D´un point de vue technique, l´utilisation de la 3D est vraiment à contre courant. Si Michel Ocelot ne s´en cache pas et refuse de reproduire le côté << réaliste >> qu´offre la 3D, il nous livre une peinture en aplat (visages, vêtements, certains décors) qui ressemble plus à son Prince et Princesse. Usant du travelling pour faire entrer et sortir les personnages, les suivre et planter un décor sans perspective, Ocelot délimite bizarrement l´espace dans un premier plan qui défile horizontalement.
Cette approche lui permet sans doute de rester fidèle à la définition du conte de fée, tout en offrant un film lisible, simple et linéaire. Il en va de même pour l´animation, volontairement étale et correspondant à la rigidité en aplat des personnages. Si leurs mouvements sont bien exécutés, ils sont englués dans un espace clos qui ne favorise pas l´évolution d´une autonomie recherchée. Il faut donc s´habituer à cette représentation et imaginer Ocelot comme un marionnettiste qui manipulerait deux ou trois personnages à la fois. La recherche artistique est évidente, la démarcation aussi, mais la réalisation controversée.
D´un point de vue narratif, le cinéaste concentre ses efforts autour des deux héros. Si le message est clair, il doit être simple et évocateur. Point de politique, de positionnement partisan ou de grille de lecture complexe ; nous sommes dans le conte et il s´agit d´évoquer par des décors merveilleux et des personnages imaginaires (l´oiseau, le lion, la fée des Djinn…), des thèmes concrets et contemporains qui touchent tout le monde. C´est sans aucun doute l´aspect le plus réussi du métrage. L´Orient et l´Occident structurent géographiquement un monde pluriconfessionnel qui nie le choc des cultures pour s´approprier le concept de fraternité. Le metteur en scène ne développe pas l´idée de tolérance (indulgence à l´égard de quelqu´un ou de quelque chose), mais celui d´amour. Relais entre un nord (Azur) et un sud (Asmar), la nourrice est une mère universelle. Nous sentons cette fraternité tout au long du film par le besoin d´aller voir l´autre pour le comprendre et se comprendre. Il faut dépasser les discriminations, souvent illusoires, car produites par nos stéréotypes. Azur se rend finalement compte qu´il a eu tort de fermer les yeux devant ce si beau pays. En acceptant de se dévoiler, il montre la voie du courage et du désir de vivre ensemble.

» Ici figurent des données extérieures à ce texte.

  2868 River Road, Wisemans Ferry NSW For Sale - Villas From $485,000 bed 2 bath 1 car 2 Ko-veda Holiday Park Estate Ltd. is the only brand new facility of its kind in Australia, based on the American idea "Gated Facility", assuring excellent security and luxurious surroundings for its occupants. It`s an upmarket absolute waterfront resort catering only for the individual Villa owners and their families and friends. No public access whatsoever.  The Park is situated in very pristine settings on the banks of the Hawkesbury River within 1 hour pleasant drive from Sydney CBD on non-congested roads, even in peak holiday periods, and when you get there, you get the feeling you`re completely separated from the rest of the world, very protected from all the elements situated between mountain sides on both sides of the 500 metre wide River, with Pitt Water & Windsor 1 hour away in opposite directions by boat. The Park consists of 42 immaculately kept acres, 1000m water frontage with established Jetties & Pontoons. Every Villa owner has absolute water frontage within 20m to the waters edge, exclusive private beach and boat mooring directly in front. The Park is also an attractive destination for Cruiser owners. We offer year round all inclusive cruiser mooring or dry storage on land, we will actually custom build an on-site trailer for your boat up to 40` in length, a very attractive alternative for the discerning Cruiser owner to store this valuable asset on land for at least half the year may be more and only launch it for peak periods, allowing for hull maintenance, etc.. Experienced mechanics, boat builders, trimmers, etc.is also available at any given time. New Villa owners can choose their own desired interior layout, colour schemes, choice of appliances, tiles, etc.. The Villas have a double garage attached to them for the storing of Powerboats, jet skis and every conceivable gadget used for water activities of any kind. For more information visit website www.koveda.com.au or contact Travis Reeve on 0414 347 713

Si les thèmes évoqués sont forts et actuels, la mise en situation est parfois discutable et les personnages secondaires (Crapoux, la jeune reine) assez peu exploités. En se référent au conte, le réalisateur traite des symboles que sont l´amour et le respect (toutes les scènes non traduites en arabe montrent cette ambiguïté ente réalité et conte en nous rappelant l´histoire de ce grand peuple), mais ne puise pas assez sur l´incroyable potentiel d´une telle histoire.
En regardant le film nous nous demandons parfois où sont la féerie, la magie et la profondeur d´une telle évocation ? L´âme d´un dessin animé réside pour partie dans la justification de choix visuels, d´enjeux dramatiques et des interactivités supposées. Azur & Asmar n´est pas un film raté, loin de là, mais il n´approfondit pas assez la relation entre les deux << frères >> qui sont les représentants des thématiques de Michel Ocelot.
Film d´une rigueur et d´une honnêteté indiscutables, Azur & Asmar manque sans doute de rythme et de frénésie poétique qui réussi si bien à son confrère japonais.